We now consider the speed of the developed method for the analysis of voice sources determined by the two factors: the duration τ of the speech frame characterizing the period of updating the results of the voice analysis of speech in formulation (11) and the computational complexity of the proposed method caused by the total amount of calculations \(W_{\tau }=W_{7}+W_{10}\) performed according to relations (7) and (11). For relations (7), we have about \(W_{7}=3Np_{2}=3\tau Fp_{2}\) elementary operations of multiplication and division of real numbers [30]. The cost of simulation of the vocal tract by the autoregressive model (5) of order \(p_{1}< p_{2}\) is not taken into account in this case because, in the recurrence computational scheme, they are included in the computation cost of modeling of the speech signal (9) [36]. In the case of relation (11), the volume of computations includes the threefold cost of performing the M-point rapid Fourier transform for \(M\geq N\), which correspond to \(W_{10}=3M\log_{2}M\) elementary operations. In total, we get \(W_{\tau }=3\left(Np_{2}+M\log_{2}M\right)\) elementary operations within the interval of observations of length τ or \(W=W_{\tau }/\tau =3F\left(p_{2}+N^{-1}M\log_{2}M\right)\) operations per second. Thus, under the conditions of the performed experiment, for \(p_{2}=90;F=8\) kHz; \(\tau =2^{5}\) msec; \(N=2^{8}; \mathrm{ and }M=2^{10},\) we get \(W=3\cdot 8000\left(90+2^{-8}\cdot 2^{10}\cdot 10\right)=3.12\cdot 10^{6}c^{-1}\), which gives, as a result of recalculation to the clock frequency of the computing device, 3.12 MHz. This result, with a significant margin (by an order of magnitude or more) corresponds to the efficiency of modern speech systems operating under the conditions of soft (with delays for the duration of a single frame) real-time mode [37].

Conclusions

The proposed method for the analysis of voice sources of speech makes it possible to model the excitation signal (3) of the vocal tract of a speaker in real time. Its sufficiently high speed is explained by the use of a high-speed recurrence procedure (7) used to adjust the parameters of the ARMA model (10) for a sequence of excitation pulses (11) according to a speech signal x(t) of finite duration τ. The proposed method does not require synchronization of the sequence of observations \(\{x(n)\}\) with the fundamental tone of the speech signal and is characterized by relatively small calculation costs required for the technical implementation.

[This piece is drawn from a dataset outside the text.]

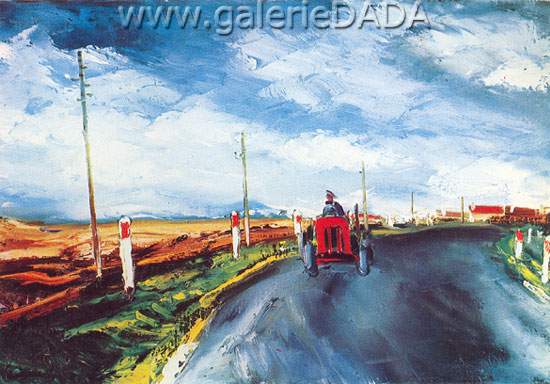 Maurice de Vlaminck, The Red Tractor Fine Art Reproduction Oil Painting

The performed full-scale experiment confirmed the high speed of the proposed method and, at the same time, allowed us to formulate the requirements to the duration of speech signals.

The obtained results are intended for applications in the development and investigation of modern systems of digital speech communication, voice control, biometrics, biomedicine, and other speech systems [7] in which the specific voice features of speaker’s speech are of primary importance.